# Imports

In [23]:
from docarray import DocumentArray
from docarray import Document
from transformers import AutoModel, AutoTokenizer
from pprint import pprint


# Setup

Import some documents:

In [2]:
da = DocumentArray(storage='weaviate', config={'host': 'weaviate'})

with da:
    da.extend(
        [
            Document(text='Persist Documents with Weaviate.'),
            Document(text='And enjoy fast nearest neighbor search.'),
            Document(text='All while using DocArray API.'),
        ]
    )


Create embeddings for the imported documents:

In [3]:
tokenizer = AutoTokenizer.from_pretrained('bert-base-uncased')
model = AutoModel.from_pretrained('bert-base-uncased')


def collate_fn(da):
    return tokenizer(da.texts, return_tensors='pt', truncation=True, padding=True)

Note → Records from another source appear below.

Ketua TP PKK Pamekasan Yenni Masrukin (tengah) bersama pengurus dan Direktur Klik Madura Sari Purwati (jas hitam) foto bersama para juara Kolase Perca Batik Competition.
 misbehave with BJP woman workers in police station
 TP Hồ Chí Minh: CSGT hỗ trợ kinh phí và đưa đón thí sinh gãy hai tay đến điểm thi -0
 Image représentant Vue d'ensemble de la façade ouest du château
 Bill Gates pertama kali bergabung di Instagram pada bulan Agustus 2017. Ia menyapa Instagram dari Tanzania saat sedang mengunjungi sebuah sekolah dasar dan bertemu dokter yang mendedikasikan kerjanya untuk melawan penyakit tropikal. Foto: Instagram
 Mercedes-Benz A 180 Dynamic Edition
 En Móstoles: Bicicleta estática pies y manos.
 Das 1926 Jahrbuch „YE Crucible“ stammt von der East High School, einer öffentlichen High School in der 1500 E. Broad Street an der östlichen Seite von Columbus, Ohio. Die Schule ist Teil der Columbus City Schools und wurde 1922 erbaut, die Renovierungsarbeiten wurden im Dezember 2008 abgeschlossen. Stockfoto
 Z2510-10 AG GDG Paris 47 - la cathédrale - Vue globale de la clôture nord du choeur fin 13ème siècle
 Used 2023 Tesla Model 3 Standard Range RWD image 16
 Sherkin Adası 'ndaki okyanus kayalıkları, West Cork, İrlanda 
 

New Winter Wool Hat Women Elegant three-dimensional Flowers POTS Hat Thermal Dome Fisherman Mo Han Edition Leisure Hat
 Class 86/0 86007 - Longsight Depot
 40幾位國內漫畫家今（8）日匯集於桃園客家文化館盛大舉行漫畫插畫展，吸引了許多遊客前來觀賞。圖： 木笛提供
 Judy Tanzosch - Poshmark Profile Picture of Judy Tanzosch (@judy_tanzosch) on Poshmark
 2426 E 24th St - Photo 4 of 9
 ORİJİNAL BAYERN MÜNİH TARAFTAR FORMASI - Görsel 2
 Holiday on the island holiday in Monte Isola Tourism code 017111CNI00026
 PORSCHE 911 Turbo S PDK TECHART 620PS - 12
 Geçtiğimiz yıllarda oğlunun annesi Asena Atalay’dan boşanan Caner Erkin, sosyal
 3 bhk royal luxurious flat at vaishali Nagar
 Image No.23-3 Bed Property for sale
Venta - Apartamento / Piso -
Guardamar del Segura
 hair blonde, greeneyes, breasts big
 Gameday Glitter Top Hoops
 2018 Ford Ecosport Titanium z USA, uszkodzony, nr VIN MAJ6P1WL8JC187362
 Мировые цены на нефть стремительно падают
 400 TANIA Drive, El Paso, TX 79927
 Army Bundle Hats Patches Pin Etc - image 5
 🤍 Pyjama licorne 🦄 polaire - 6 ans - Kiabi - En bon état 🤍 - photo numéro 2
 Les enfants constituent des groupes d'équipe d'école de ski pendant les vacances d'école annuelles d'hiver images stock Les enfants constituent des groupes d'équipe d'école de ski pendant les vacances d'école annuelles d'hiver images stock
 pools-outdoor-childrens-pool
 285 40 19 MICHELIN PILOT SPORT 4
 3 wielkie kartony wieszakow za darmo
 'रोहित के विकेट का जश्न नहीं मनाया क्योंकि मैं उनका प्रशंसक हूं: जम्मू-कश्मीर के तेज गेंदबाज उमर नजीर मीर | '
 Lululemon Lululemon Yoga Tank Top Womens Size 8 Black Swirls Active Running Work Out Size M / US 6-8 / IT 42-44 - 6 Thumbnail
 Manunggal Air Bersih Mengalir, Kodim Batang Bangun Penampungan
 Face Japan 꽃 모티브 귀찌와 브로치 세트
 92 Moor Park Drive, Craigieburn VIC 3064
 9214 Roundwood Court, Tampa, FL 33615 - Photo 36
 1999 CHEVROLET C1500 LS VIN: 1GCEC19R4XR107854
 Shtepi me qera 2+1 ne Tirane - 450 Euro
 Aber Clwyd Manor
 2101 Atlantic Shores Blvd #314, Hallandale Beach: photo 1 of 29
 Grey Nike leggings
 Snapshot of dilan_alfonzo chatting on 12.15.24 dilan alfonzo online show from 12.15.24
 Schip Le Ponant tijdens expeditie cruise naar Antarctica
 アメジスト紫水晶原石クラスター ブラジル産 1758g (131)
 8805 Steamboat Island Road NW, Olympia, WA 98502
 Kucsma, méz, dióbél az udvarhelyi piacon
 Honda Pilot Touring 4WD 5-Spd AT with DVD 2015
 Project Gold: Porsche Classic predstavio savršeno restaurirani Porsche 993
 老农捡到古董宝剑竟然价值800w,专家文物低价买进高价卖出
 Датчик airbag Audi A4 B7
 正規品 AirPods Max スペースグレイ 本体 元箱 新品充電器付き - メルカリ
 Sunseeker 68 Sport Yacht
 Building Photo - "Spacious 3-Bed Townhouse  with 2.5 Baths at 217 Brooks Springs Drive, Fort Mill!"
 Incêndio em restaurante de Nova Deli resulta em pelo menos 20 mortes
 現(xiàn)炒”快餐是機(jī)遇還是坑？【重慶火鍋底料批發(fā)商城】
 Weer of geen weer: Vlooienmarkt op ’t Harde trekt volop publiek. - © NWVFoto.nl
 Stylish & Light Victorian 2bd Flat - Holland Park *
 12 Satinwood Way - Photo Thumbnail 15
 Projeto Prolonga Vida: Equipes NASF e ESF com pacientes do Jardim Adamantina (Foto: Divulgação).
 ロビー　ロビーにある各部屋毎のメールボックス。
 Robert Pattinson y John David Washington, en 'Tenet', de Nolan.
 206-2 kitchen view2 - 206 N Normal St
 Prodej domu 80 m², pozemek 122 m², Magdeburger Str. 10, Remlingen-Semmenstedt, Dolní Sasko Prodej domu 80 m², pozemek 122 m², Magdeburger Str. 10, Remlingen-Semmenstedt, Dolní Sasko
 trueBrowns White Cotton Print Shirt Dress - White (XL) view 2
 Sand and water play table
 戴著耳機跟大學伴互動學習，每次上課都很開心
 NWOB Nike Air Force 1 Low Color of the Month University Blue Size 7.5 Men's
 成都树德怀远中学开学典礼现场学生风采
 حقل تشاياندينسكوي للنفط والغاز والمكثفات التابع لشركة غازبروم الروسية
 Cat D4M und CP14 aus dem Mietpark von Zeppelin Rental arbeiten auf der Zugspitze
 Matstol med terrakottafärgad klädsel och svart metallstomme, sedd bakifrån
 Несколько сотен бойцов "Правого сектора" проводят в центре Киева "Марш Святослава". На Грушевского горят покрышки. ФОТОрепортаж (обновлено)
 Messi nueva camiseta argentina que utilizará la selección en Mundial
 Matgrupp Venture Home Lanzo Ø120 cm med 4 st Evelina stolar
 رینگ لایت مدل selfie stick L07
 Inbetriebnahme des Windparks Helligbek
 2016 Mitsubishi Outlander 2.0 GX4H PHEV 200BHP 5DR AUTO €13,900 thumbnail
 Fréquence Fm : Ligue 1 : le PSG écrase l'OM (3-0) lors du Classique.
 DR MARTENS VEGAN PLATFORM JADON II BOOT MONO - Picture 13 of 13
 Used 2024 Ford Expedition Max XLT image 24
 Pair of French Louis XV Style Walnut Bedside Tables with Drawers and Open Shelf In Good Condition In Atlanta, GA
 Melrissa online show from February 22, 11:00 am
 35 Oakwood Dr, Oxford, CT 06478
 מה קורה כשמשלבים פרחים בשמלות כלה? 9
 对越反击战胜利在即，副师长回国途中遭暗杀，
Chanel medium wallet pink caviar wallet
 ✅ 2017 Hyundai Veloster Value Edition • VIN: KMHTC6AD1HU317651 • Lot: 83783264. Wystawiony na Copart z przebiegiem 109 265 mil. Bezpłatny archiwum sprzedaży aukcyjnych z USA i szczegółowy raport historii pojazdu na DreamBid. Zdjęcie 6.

da.embed(model, collate_fn=collate_fn)


Downloading: 100%|██████████| 28.0/28.0 [00:00<00:00, 15.7kB/s]
Downloading: 100%|██████████| 570/570 [00:00<00:00, 445kB/s]
Downloading: 100%|██████████| 232k/232k [00:00<00:00, 27.0MB/s]
Downloading: 100%|██████████| 466k/466k [00:00<00:00, 30.2MB/s]
Downloading: 100%|██████████| 440M/440M [00:14<00:00, 30.8MB/s] 
Some weights of the model checkpoint at bert-base-uncased were not used when initializing BertModel: ['cls.predictions.decoder.weight', 'cls.predictions.transform.LayerNorm.bias', 'cls.predictions.transform.LayerNorm.weight', 'cls.predictions.bias', 'cls.seq_relationship.bias', 'cls.predictions.transform.dense.bias', 'cls.predictions.transform.dense.weight', 'cls.seq_relationship.weight']
- This IS expected if you are initializing BertModel from the checkpoint of a model trained on another task or with another architecture (e.g. initializing a BertForSequenceClassification model from a BertForPreTraining model).
- This IS NOT expected if you are initializing BertModel from 

# Semantic Search

In [5]:
results = da.find(
    DocumentArray([Document(text='How to persist Documents')]).embed(
        model, collate_fn=collate_fn
    ),
    limit=1,
)

results[0].texts


  batch_inputs[k] = torch.tensor(v, device=device)


['Persist Documents with Weaviate.']

# Query by Conditions

Based on: https://docarray.jina.ai/advanced/document-store/weaviate/#example-of-find-with-a-filter-only

In [12]:
n_dim = 3
da = DocumentArray(
    storage="weaviate",
    config={"n_dim": n_dim, "columns": {"price": "float"}, "host": "weaviate"},
)

with da:
    da.extend([Document(id=f"r{i}", tags={"price": i}) for i in range(10)])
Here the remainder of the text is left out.